History professor Steven Watts released a new book, “JFK and the Masculine Mystique: Sex and Power on the New Frontier,” on Nov. 8. The book examines how the growing domesticity of men and John F. Kennedy’s cult of personality affected Kennedy’s presidential career.

Watts has been a professor since the late ‘80s and has written other books focusing on important figures in American culture like Walt Disney and Hugh Hefner.

After writing books on mainly cultural figures, Watts wanted to write about a political figure through a cultural lens. Kennedy sprung to his mind.

“Of course there’s a huge number of books written about Kennedy, but what I was really interested in is his popularity,” Watts said. “Because [in] the polls that have been taken of American presidents … he is at the very top of the list in terms of popularity.”

Watts said that after he did some investigation, Kennedy's politics were not what made him extremely popular, and in many ways, he was a “run-of-the-mill centrist.” Instead, Watts started noticing that magazines and writers in the ’50s and ’60s argued that men were being emasculated by suburban domesticity, consumer comfort and the rise of women in the workplace.

“What I began to discover was that Kennedy, in the public realm, offered a kind of antidote to that great fear of the weakening of American men because he bursts onto the scene as this vibrant, vigorous, handsome young man, a war hero, very cool and sophisticated, very tough-minded as an anti-communist figure,” Watts said.

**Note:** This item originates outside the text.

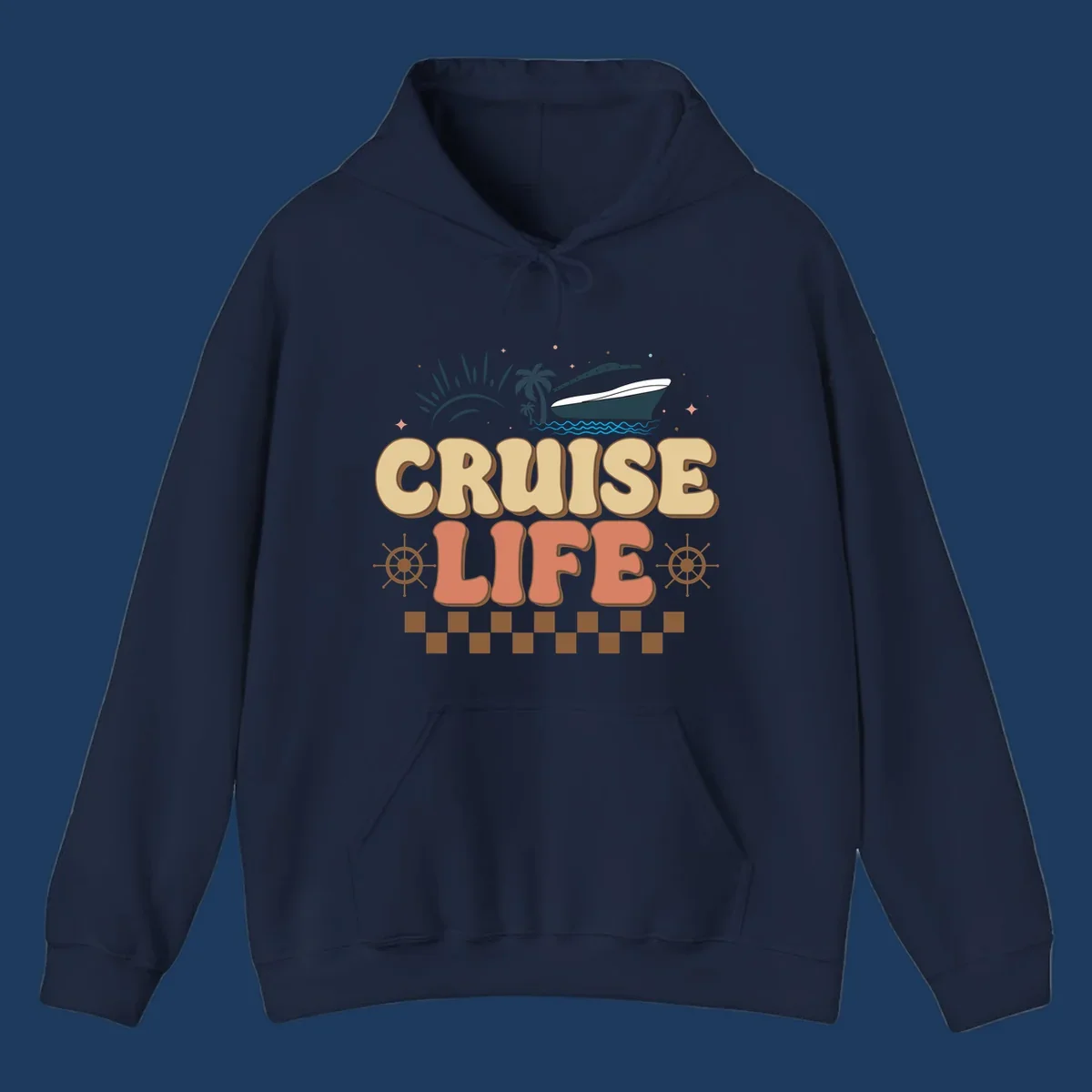 Retro-style cruise life design with ship, sun, palm trees, and ocean waves on gray background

Watts’ research assistant, Cassandra Yacovazzi, became interested in the project when she realized that this was “not just another biography on JFK.”

“Watts wanted, as he put it, ‘to penetrate the fog of Camelot,’ to really understand the cultural appeal of JFK,” Yacovazzi said. “I think he does that really well in … identifying this crisis of masculinity that preceded Kennedy’s administration and the way in which Kennedy himself embodied this masculine idea and beyond.”

In his book, Watts also looks at how Kennedy’s policies were influenced by his personality.

“For example, I think his anti-communism and the shape that it took with regard to Cuba is very much tied to the James Bond view of the world that Kennedy had,” Watts said.

Watts also studied the ways that Kennedy’s masculine image affected his appeal to the American voters. Beyond just Kennedy’s image, Watts said the people Kennedy surrounded himself with, like Frank Sinatra, Hugh Hefner and Norman Mailer, also led to his “mystique.”

Watts said Kennedy, because of his mystique, was like a Hollywood star. Kennedy’s cult of personality indicated a shift in America’s cultural landscape toward the leader as “celebrity.”

“I think you see that with Ronald Reagan,” Watts said. “I think you see that a little bit with Barack Obama in a same sort of way. And of course with [the recent election] I think you see another version of that as well.”

Yacovazzi also said that the “celebrity” appeal of Kennedy’s administration has become “really embroiled in politics.”

“I think that perhaps rings true for many Americans in the wake of the current election,” Yacovazzi said. “There’s a lot of talk about the influence of reality TV in this election and sound bites. I think we have perhaps gotten away from analyzing individual policies, and we have become more easily caught up in image, celebrity appeal and surface personality.”

Even though the celebrity aspect of politicians remains, Watts said that politicians are no longer mostly supported by ideals of masculinity. In the epilogue of the book, Watts said that the character Don Draper in the TV series “Mad Men” is very comparable to the persona of Kennedy. However, popular perception of Draper seems to suggest that the mystique of Kennedy has faded.

Watts said despite the nostalgic presentation in the show, Draper and society still frequently mistreated women.

“What ends up striking you more is that Draper, that kind of masculine mystique even with that nostalgic pull, really makes us uncomfortable or at least he’s not someone you would want to emulate in the modern world,” Watts said.

Watts said he hopes his book will encourage people to look at politics in a broader scope and examine if their political beliefs are their own or influenced by their culture.

“Having just come from through this political season here, all of us … probably like to think that we are all very rational creatures,” Watts said. “I would like to think it will encourage people to ponder their political positions, and how and why they got there.”